Your task:
Would you retype the listing below word for word, without any of its pictures?

Given information:
········

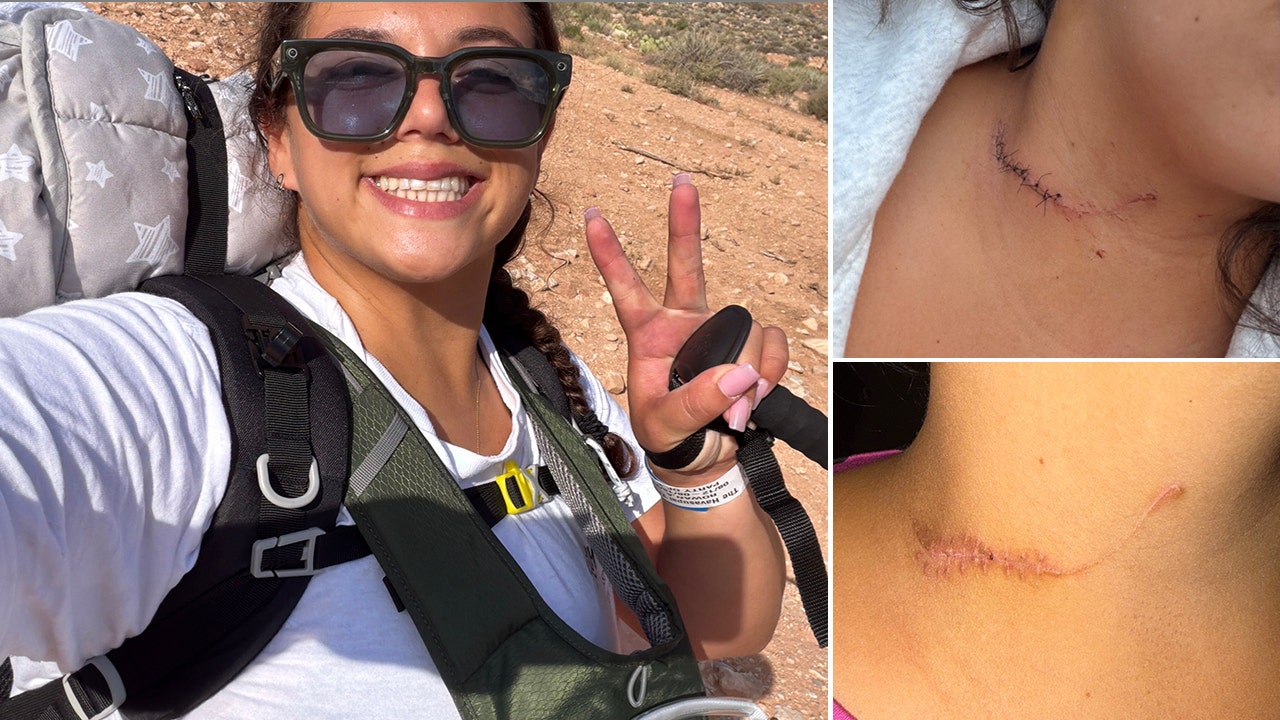 Alexis Rowan survives neck-slashing attack at Havasupai Reservation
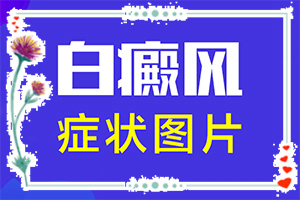 眼角出現白斑-白點癲風有什么癥狀圖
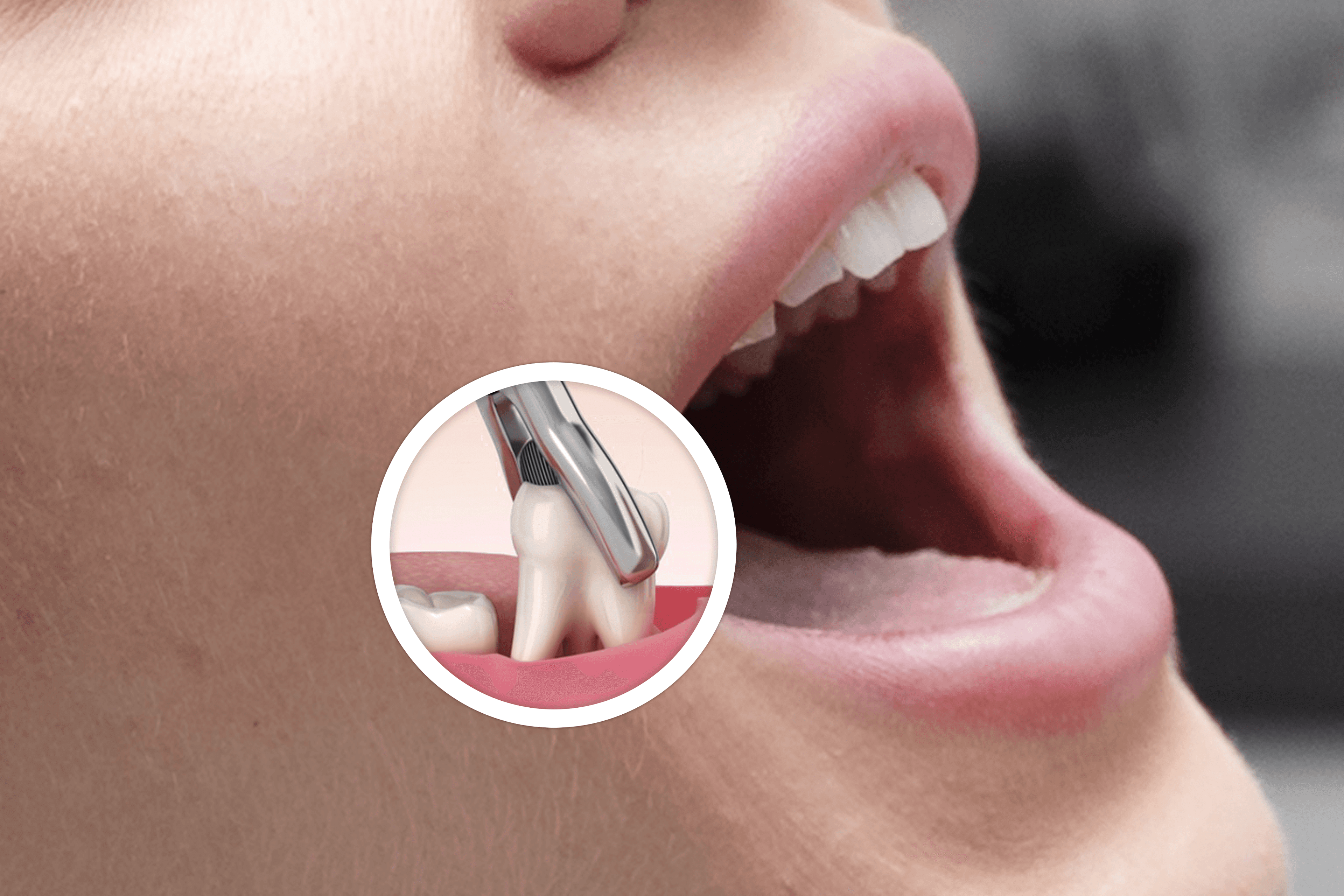 Răng sứ thẩm mỹ & veneer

········

Problem solution:
 Alexis Rowan survives neck-slashing attack at Havasupai Reservation
 眼角出現白斑-白點癲風有什么癥狀圖
 Răng sứ thẩm mỹ & veneer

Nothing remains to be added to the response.